(INPUT)

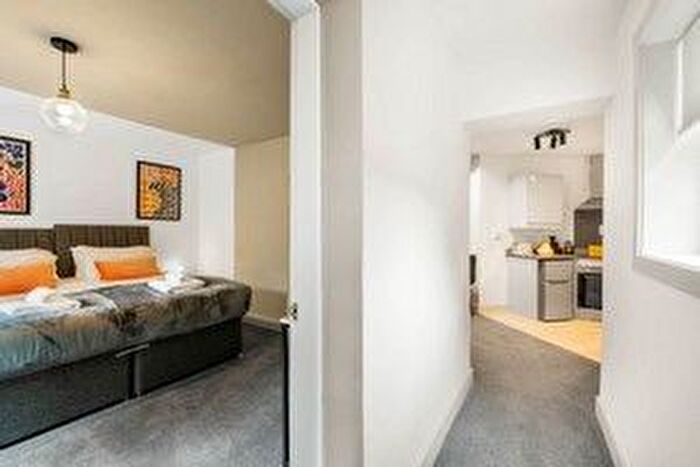 1 Bedroom Flat To Rent In Market Place, Market Rasen, LN8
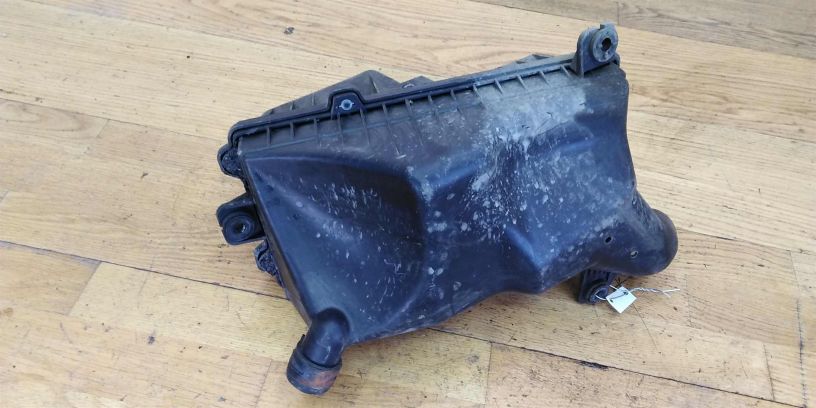 korpus-vozdusnogo-filtra-kia-spectra-art-17257-big-1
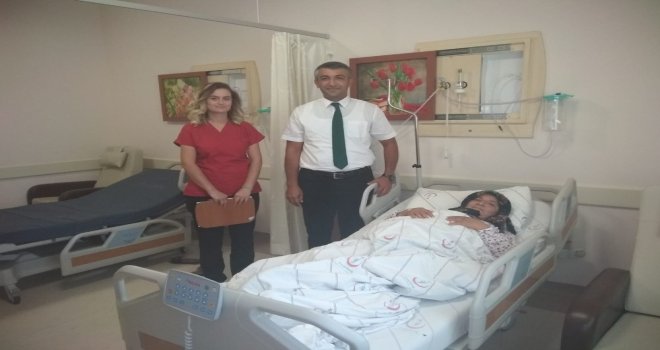 Korkuteli Devlet Hastanesinde İlk Kapalı Böbrek Taşı Ameliyatı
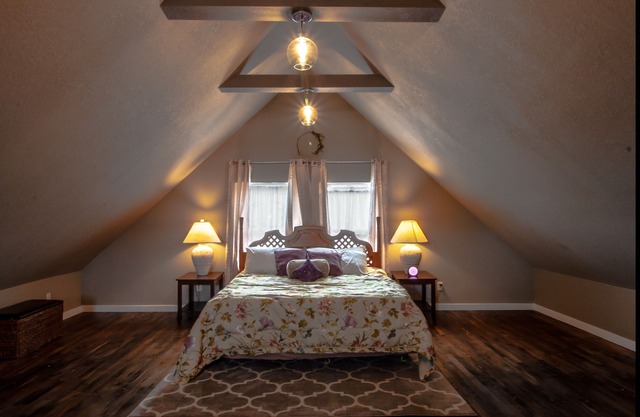 Lovely King Bed Loft near Downtown; Free Parking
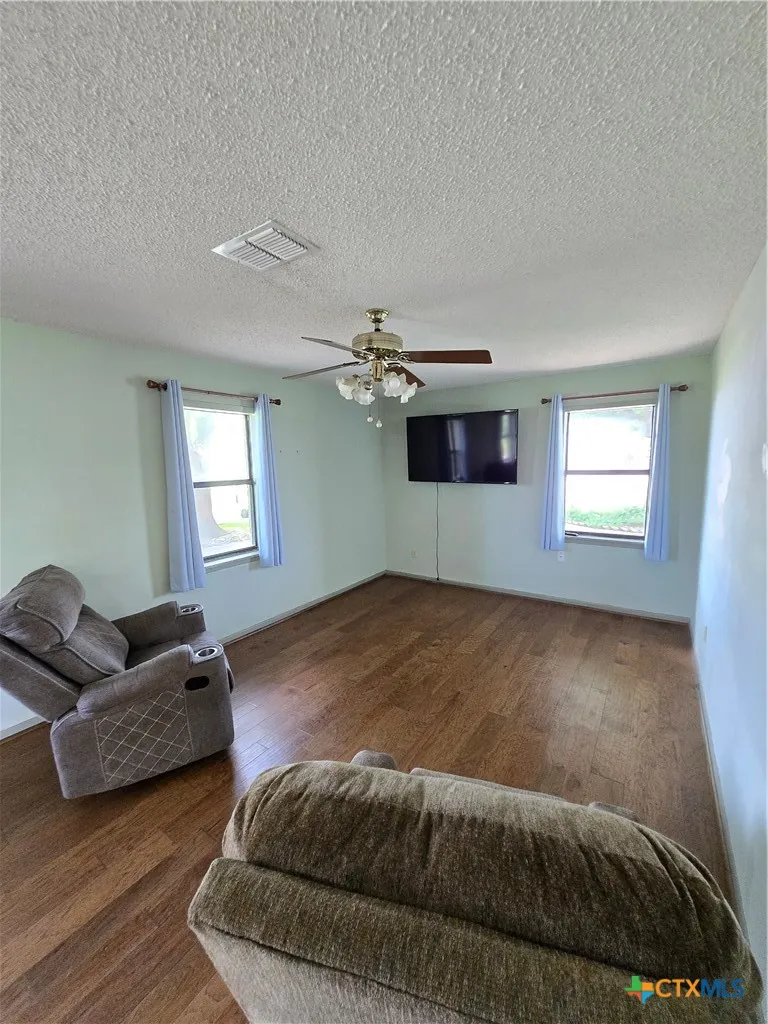 1495 W Bayshore Drive Palacios, TX 77465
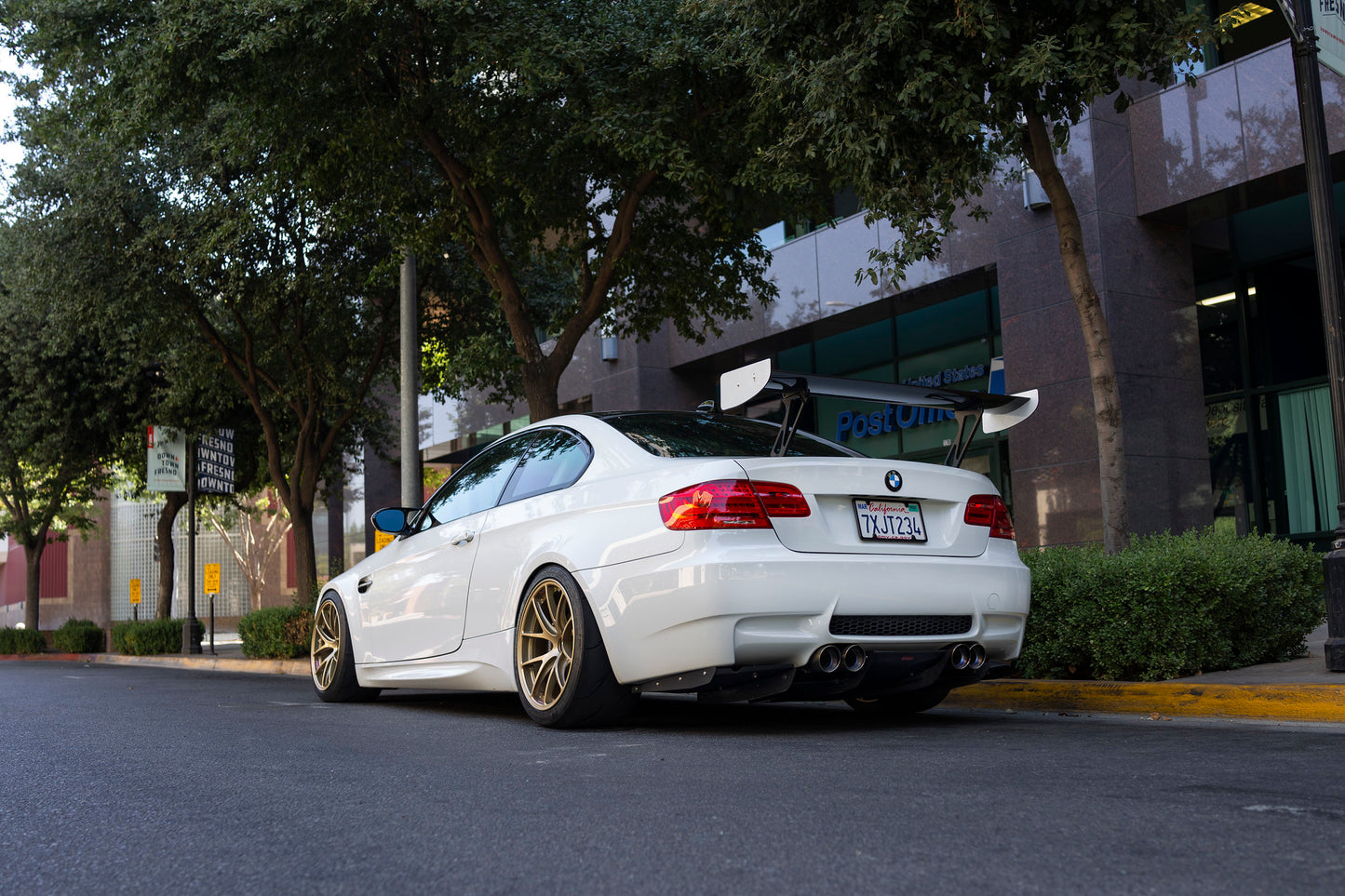 BMW E9X M3 VARIS STYLE CARBON FIBER DIFFUSER UNDERTRAY WITH FINS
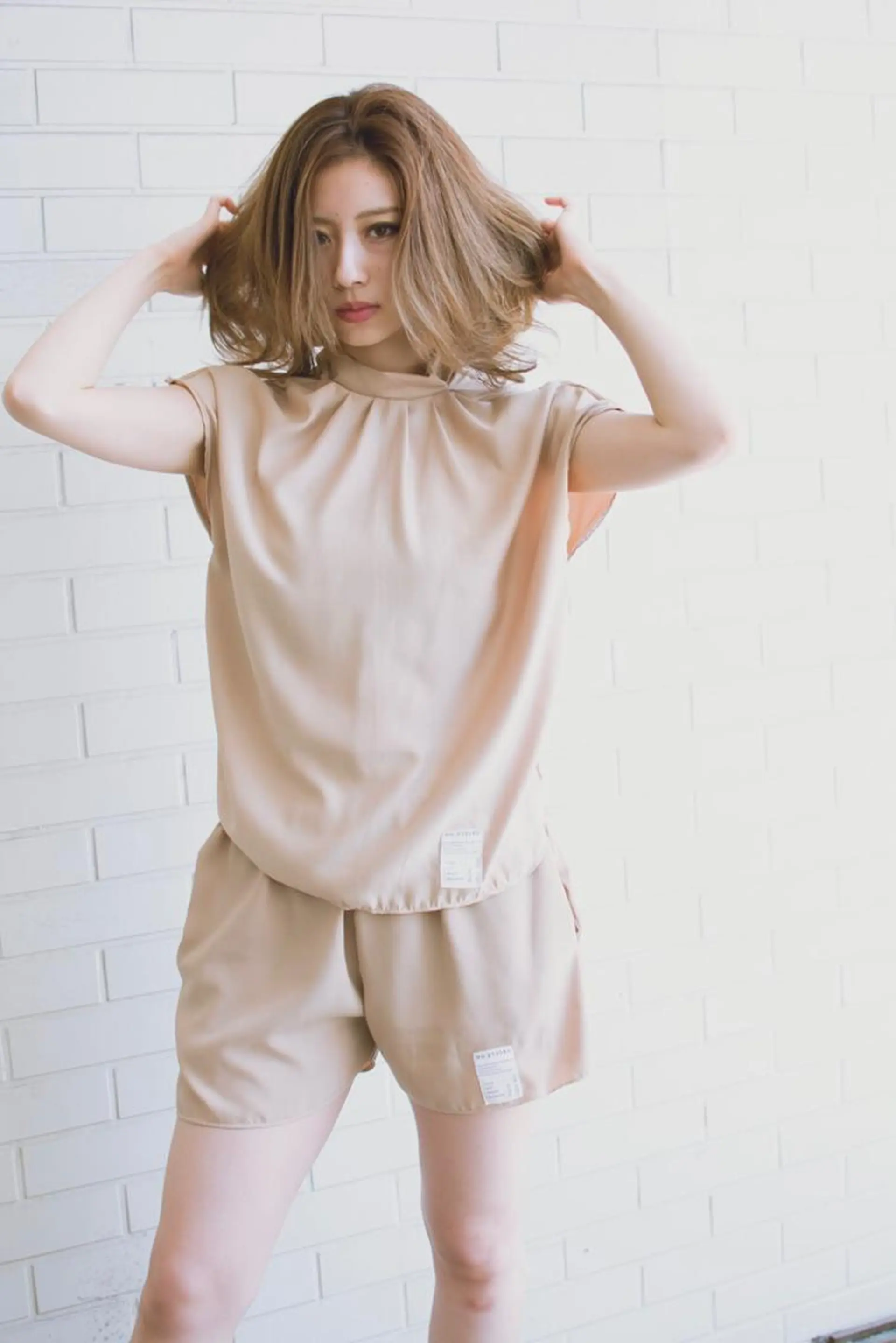 ミディアム カラー ショートボブ ベージュカラー ブルーカラー ブルージュ グレージュ カット ヘアカラー トリートメント 斉藤 正敏のその他イメージ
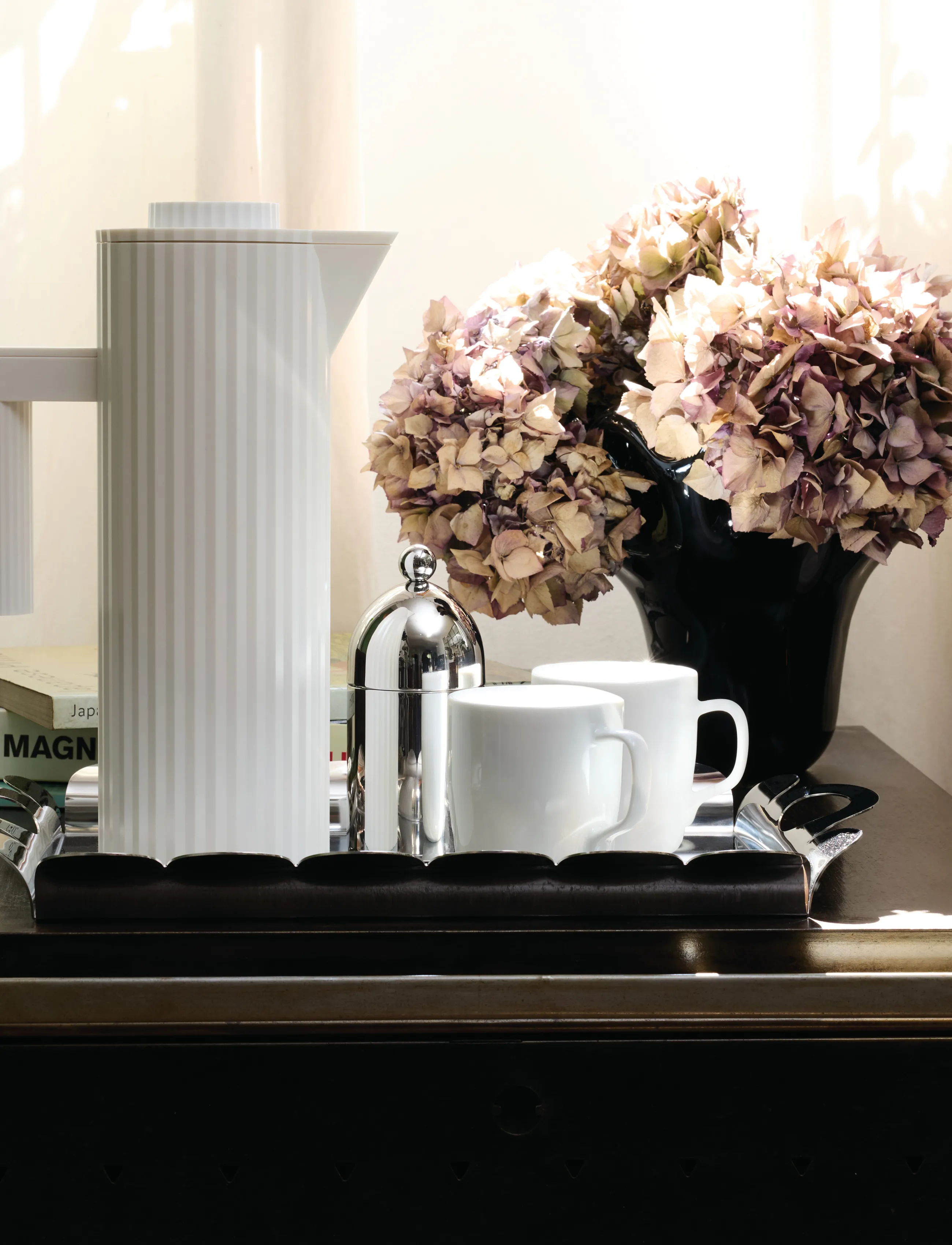 Alessi - Thermo-insulated jug in thermoplastic, white Double thermal glass inside - white - 3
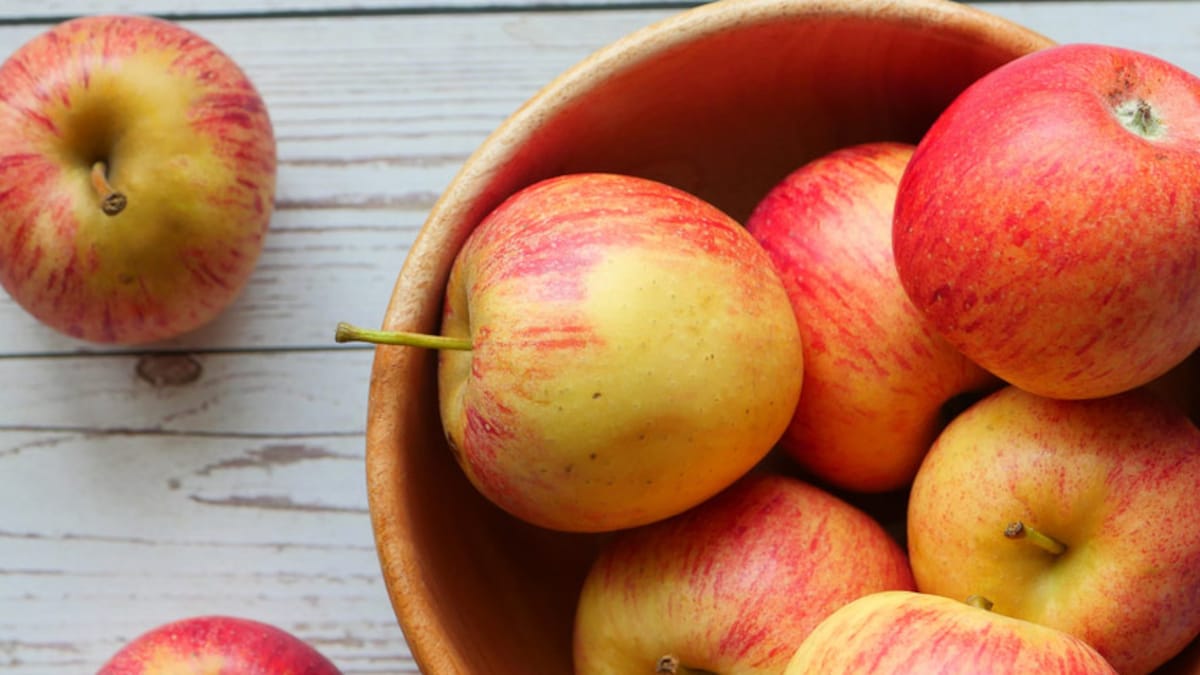 Apple For Digestion: Nutritionist Shares 3 Ways to Eat Apples For Gut Health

(End INPUT)

## TASK INSTRUCTIONS
All lines from the line containing "Korkuteli Devlet Hastanesinde" through the end of the listing above are to be given again exactly; pictures are not part of the copy.

## RESULT
 Korkuteli Devlet Hastanesinde İlk Kapalı Böbrek Taşı Ameliyatı
 Lovely King Bed Loft near Downtown; Free Parking
 1495 W Bayshore Drive Palacios, TX 77465
 BMW E9X M3 VARIS STYLE CARBON FIBER DIFFUSER UNDERTRAY WITH FINS
 ミディアム カラー ショートボブ ベージュカラー ブルーカラー ブルージュ グレージュ カット ヘアカラー トリートメント 斉藤 正敏のその他イメージ
 Alessi - Thermo-insulated jug in thermoplastic, white Double thermal glass inside - white - 3
 Apple For Digestion: Nutritionist Shares 3 Ways to Eat Apples For Gut Health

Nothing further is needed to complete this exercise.